Michael Jordan made an appearance in a federal courtroom in North Carolina while the lead attorney for his racing team kicked off a trial against NASCAR, arguing the organization is a monopolistic bully tightly controlled by a wealthy family that harms competition in the top tier of the sport though restrictive contracts.
“They are the only purchaser of racing team services,” Jeffrey Kessler, a partner with Winston & Strawn LLP who represents Jordan’s team and another team plaintiff, Front Row Motorsports Inc., told the jurors seated Monday in the US District Court for the Western District of North Carolina.
The evidence will show that the teams “are getting a deal that is much lower than they would be getting if there was competition,” he said.
NASCAR’s counsel fired back, arguing that the organization’s charter system for guaranteeing lucrative spots in the Cup Series maintains stability and enormous financial opportunity for teams such as Jordan’s 23XI Racing.
“I think Mr. Kessler left you with the impression that NASCAR just dropped an agreement on the teams and said ‘sign by midnight,’” said John E. Stephenson Jr., a partner with Alston & Bird LLP who represents NASCAR. “There were some 70 meetings. This thing was exhaustively negotiated.”
Both parties sparred for hours, kicking off a trial that’s expected to last at least two weeks.
Jordan sat in the Charlotte courtroom near driver Denny Hamlin, co-owner of 23XI, watching the attorneys present to nine jurors. Before opening statements, Judge Kenneth D. Bell broadly quizzed potential jurors, about their hobbies and whether they had strong feelings about NASCAR or were fans of Jordan and his basketball alma mater, UNC-Chapel Hill. One juror was dismissed for his self-professed admiration of Jordan.
The outcome of the trial could have profound implications on NASCAR, which is facing potential damages and injunctive relief that could reshape its charter system.
Jordan’s team and Front Row sued NASCAR in October 2024, claiming it forces teams to accept restrictive terms or give up participating in premier stock car racing.

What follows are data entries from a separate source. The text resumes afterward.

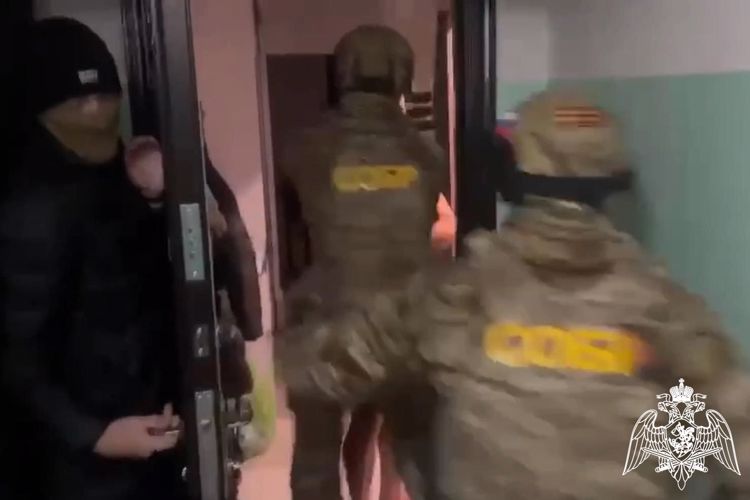 Сотрудники Росгвардии задержали четверых мужчин, подозреваемых в вымогательстве группой лиц по предварительному сговору в Железногорске Красноярского края 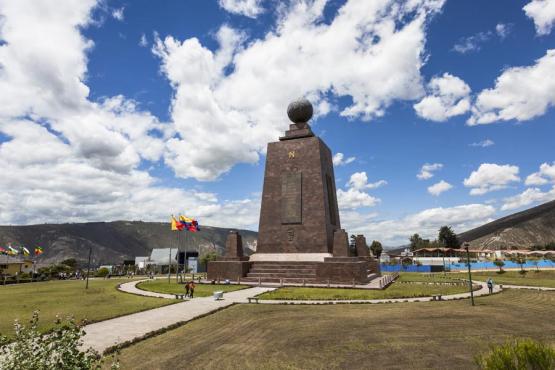 Quito -Mitad del Mundo Voyage Découverte en Equateur - La Mitad del Mundo, la vrai et la fausse?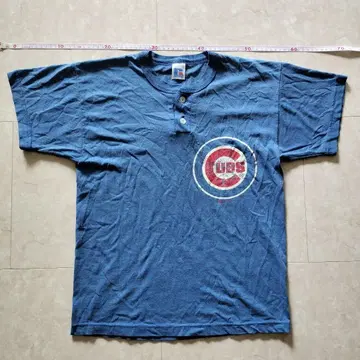 Cubs 로고 헨리넥 티셔츠 네이비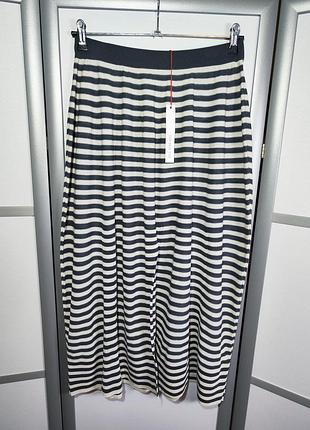 Sartoria vico новая стильная котонок ва трикотажная юбка в бело-серую полоску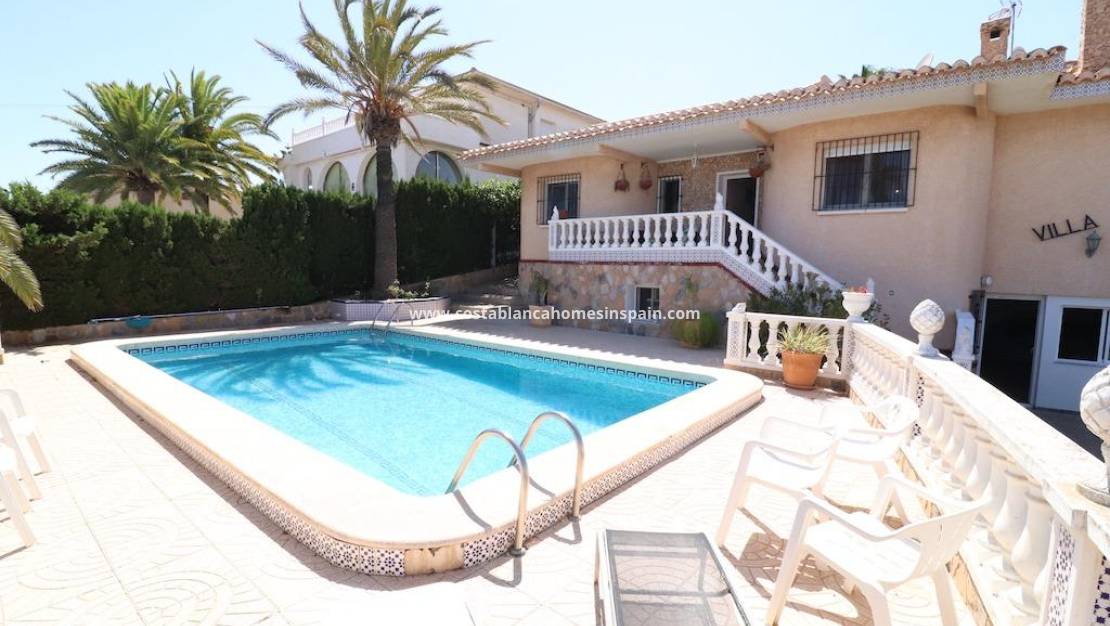 Endursölu - Villa - Torrevieja - Los Balcones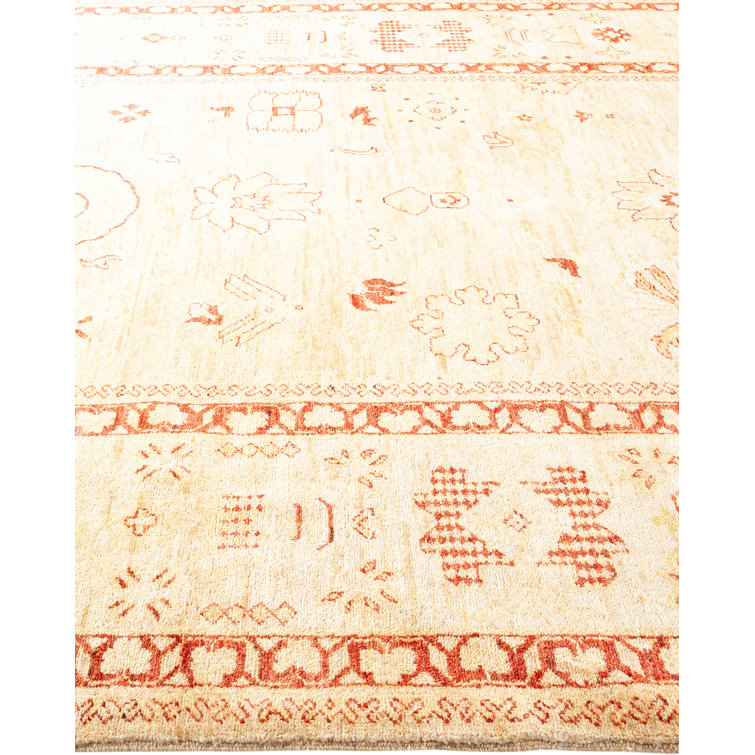 Elegant Ivory Hand-Knotted Wool Area Rug 8' x 10'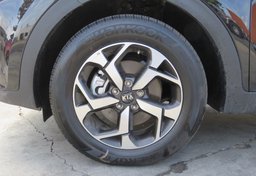 2022 Kia Sportage - Image 17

NASCAR is the sanctioning body for three national series for stock car racing in the US, including the Cup Series, the NASCAR Xfinity Series, and the lower tier Craftsman Truck Series.
The team plaintiffs refused to sign renewed charter agreements, alleging instead that NASCAR is the gatekeeper to the Cup Series and holds monopsony—single-buyer—power for the market for premier stock car racing teams, with control over prices and terms.
“What the evidence will show is that NASCAR, the whole kit and caboodle, is owned by the France family,” Kessler argued, referring to the family that has run the racing organization since 1948. “They make decisions and run it frankly for their benefit.”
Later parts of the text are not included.